Off to the CSLA conference in Ontario,  where Alexis, April, George Pilling and I will be talking about "Serendipity: Happy Accidents in Writing."  More on that later!

Tuesday, November 10, 2009

Ten Things Picture Book Writers Can Learn From Shrek!

Last weekend, teacher extraordinaire Daniele Della Gala and I did a presentation called “Tyrannosaurus Math: Crunching the Numbers with Stories” at the California Math Council Conference in Palm Springs. After the talk, one of the attendees appreciated the sophisticated language in the book, at which point I expressed my debt to William Steig. Who has been on my mind lately because, by felicitous circumstance, November is William Steig Month.

Author/illustrator Barney Saltzberg and I have used Steig’s work in our picture books classes at UCLA Extension’s Writer’s Program. “The reason I write and illustrate picture books is because I fell in love with The Amazing Bone,” Barney said. "As a writer, I marvel at the predicaments that Steig puts his characters in. I never in my wildest dreams figure out what the solution will be.”

In honor of William Steig, TC&TF offers thoughts about one of his most successful books:

10 Things Picture Book Writers Can Learn From Shrek!

1. Stay true to your roots. “Shrek” means “fear” is Yiddish. Steig was raised by Eastern European Jewish immigrants who settled in the Bronx.

2. Create an original, irresistible character. Shrek has a funny name, he’s funny looking, fearless, lovestruck and possesses superpowers! He also furnished material for three movies -and a fourth in production.

3. Write a great first line: “His mother was ugly and his father was ugly, but Shrek was uglier than the two of them put together.” And a killer first paragraph: “By the time he toddled, Shrek could spit flame a full ninety-nine yards and vent smoke from either ear. With just a look he cowed reptiles in the swamp. Any snake dumb enough to bite him instantly got convulsions and died.”

4. Honor the classics.

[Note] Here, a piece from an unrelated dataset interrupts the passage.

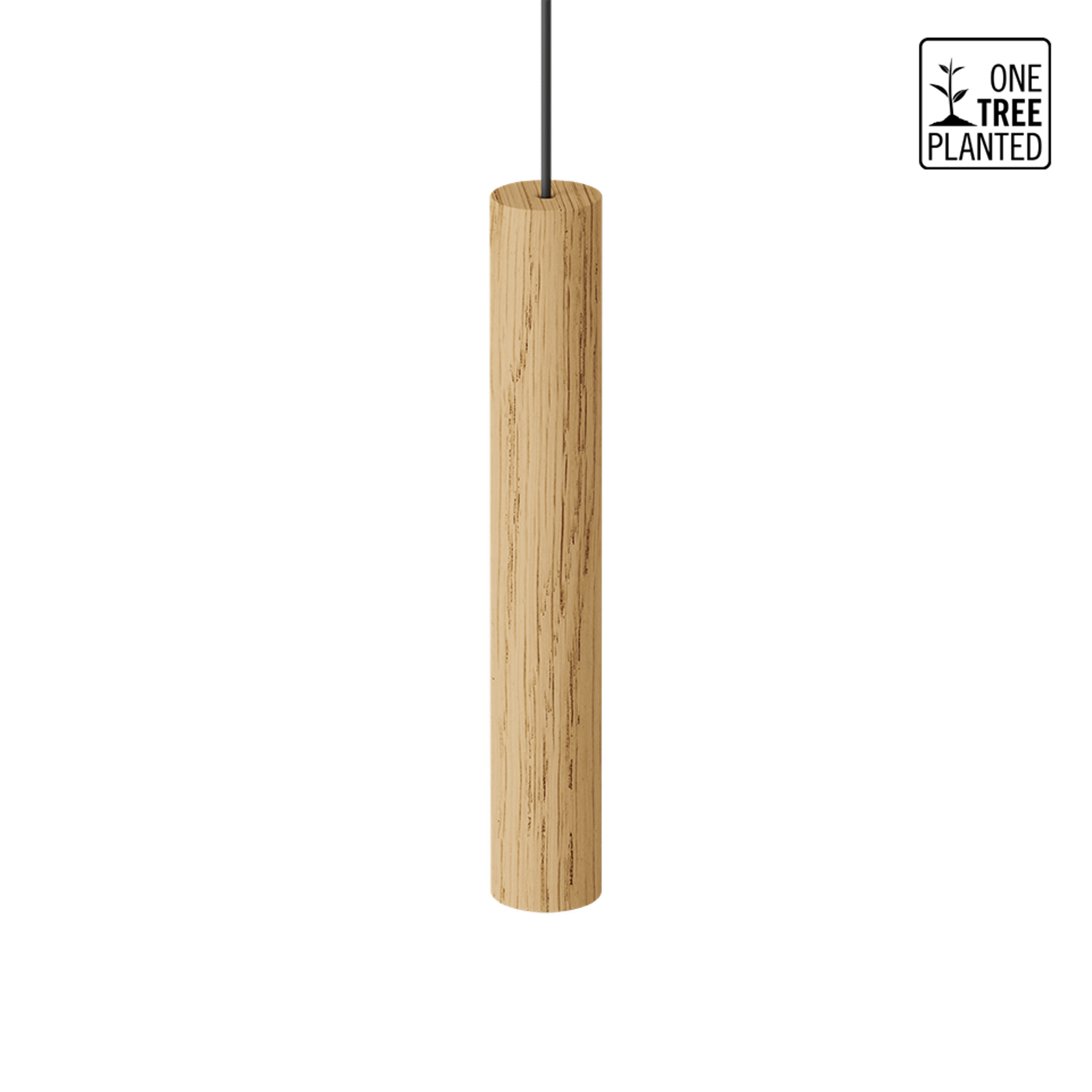 UMAGE Chimes pendellampe eik massivtre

The exaggeration of Shrek’s revolting qualities and his strengths borrow from the tall tale tradition, while the quest frame, the seven-incident plot, the animism, the witch (and her chant), dragon, knight, and princess belong to fairy tales.

5. Honor the classics, but make the story your own. Steig was raised by parents involved in the social justice movement. Sympathetic to the underdog, Steig made the hero of his tale an ugly monster (with a donkey instead of a handsome steed) who finds love in the end, warts and all.

6. Choose your nouns and verbs wisely. Shrek toddles, slogs, stalks, swaggers. His head is his noggin, topped by a knob. Steig deftly uses long or unfamiliar words and stylish language in a way that’s accessible to children.

7. Use humor, both verbal (one day his parents “hissed things over,” “they kicked him goodbye,” etc.) and visual/situational (Shrek has a nightmare of kids hugging and kissing him).

8. Incorporate poetic language. Several characters speak in rhyme, and the warning on the tree is in rhyme. Many of Steig’s sentences are patterned and/or rhythmic.

9. Make it dangerous, but don’t kill anyone. Despite Shrek’s superpowers, characters only faint, become unconscious, or get so hot they dive in the moat.

10. Write with joy. Steig’s musings about art can be applied to literature as well: “(The spectator) experiences again what the artist experienced in making the painting: movement, emotion, a glorying in man’s boundless creative power, and wonder - which is respect for life.” (From Pipers At the Gates of Dawn by Jonathan Cott.)

If you’re a Steig fan, treat yourself to the on-line feature from the Jewish Museum’s 2007 Exhibit “From The New Yorker to Shrek: The Art of William Steig.” It includes an adorable illustration called “Family Reunion” that brings together many of the characters from his books.

November 14 is the 102nd anniversary of Steig's birth. We love you, William!